### Task
Take from the entries below the stretch from the line with "Le Pont Tibétain" through the line with "SALEM SQUARE - Residential", and return it exactly, leaving the pictures out.

### Records provided
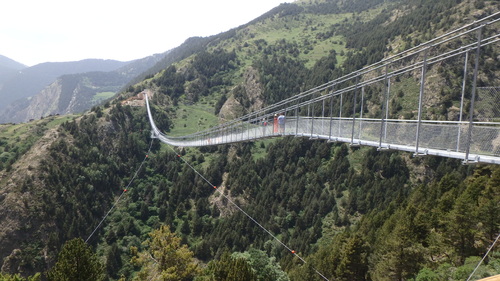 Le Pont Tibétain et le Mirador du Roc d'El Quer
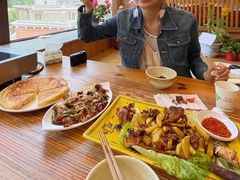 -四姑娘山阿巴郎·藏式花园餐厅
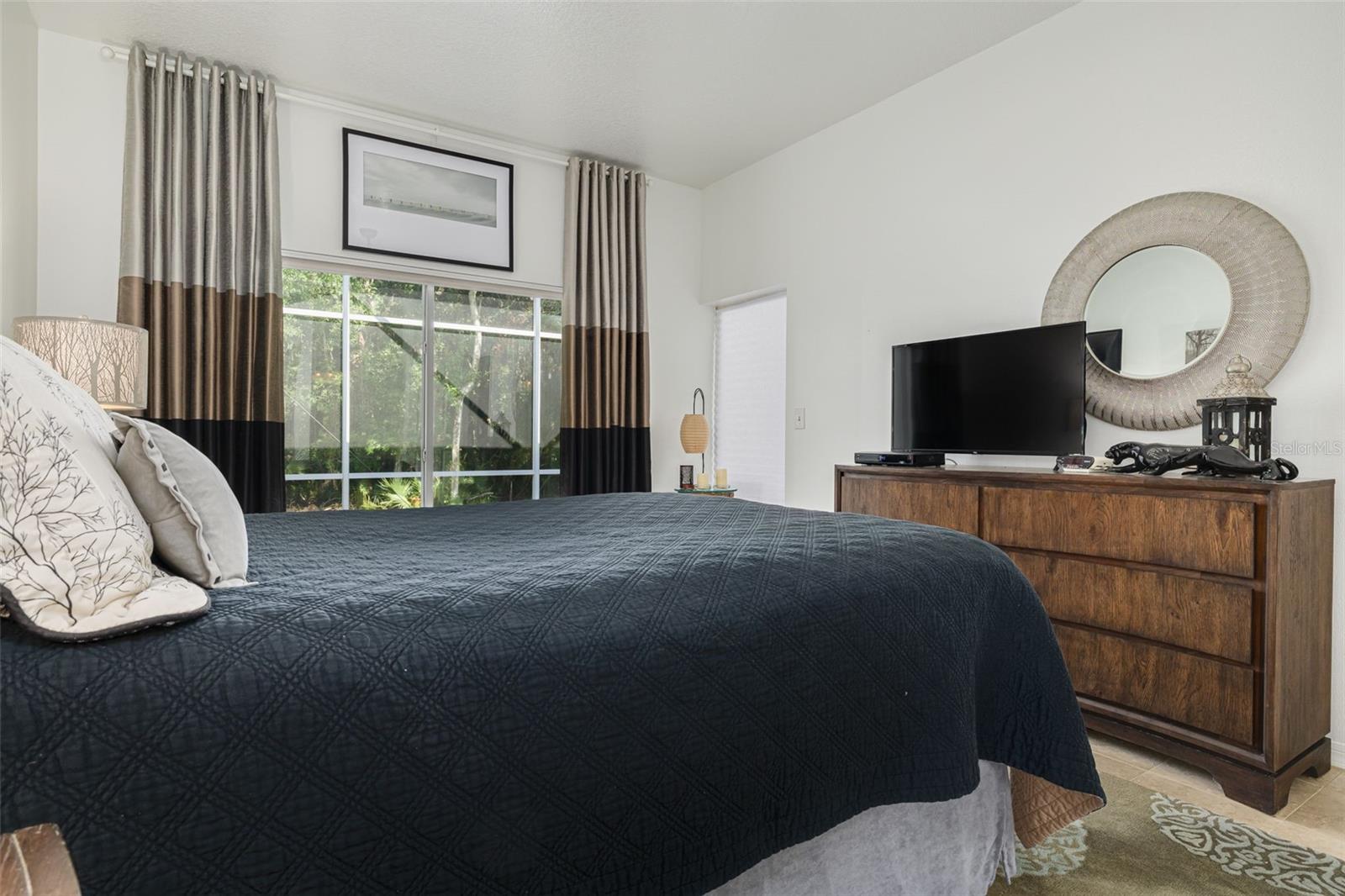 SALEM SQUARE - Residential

...

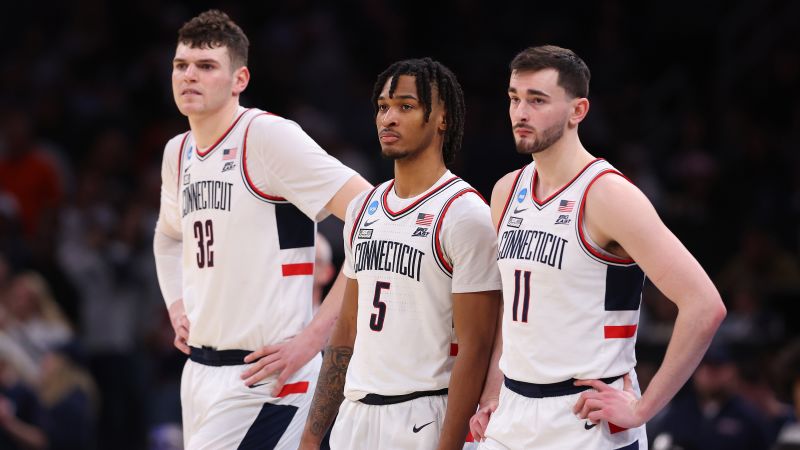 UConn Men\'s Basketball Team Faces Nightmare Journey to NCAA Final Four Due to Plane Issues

==

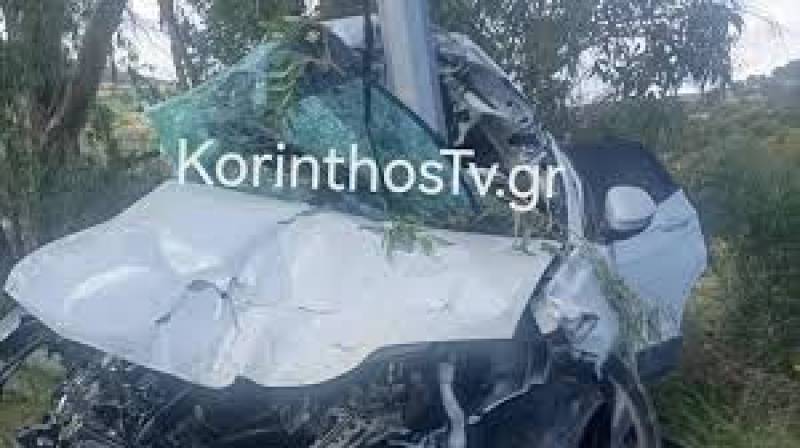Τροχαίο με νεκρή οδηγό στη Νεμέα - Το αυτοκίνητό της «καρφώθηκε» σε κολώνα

### Written response
 Le Pont Tibétain et le Mirador du Roc d'El Quer
 -四姑娘山阿巴郎·藏式花园餐厅
 SALEM SQUARE - Residential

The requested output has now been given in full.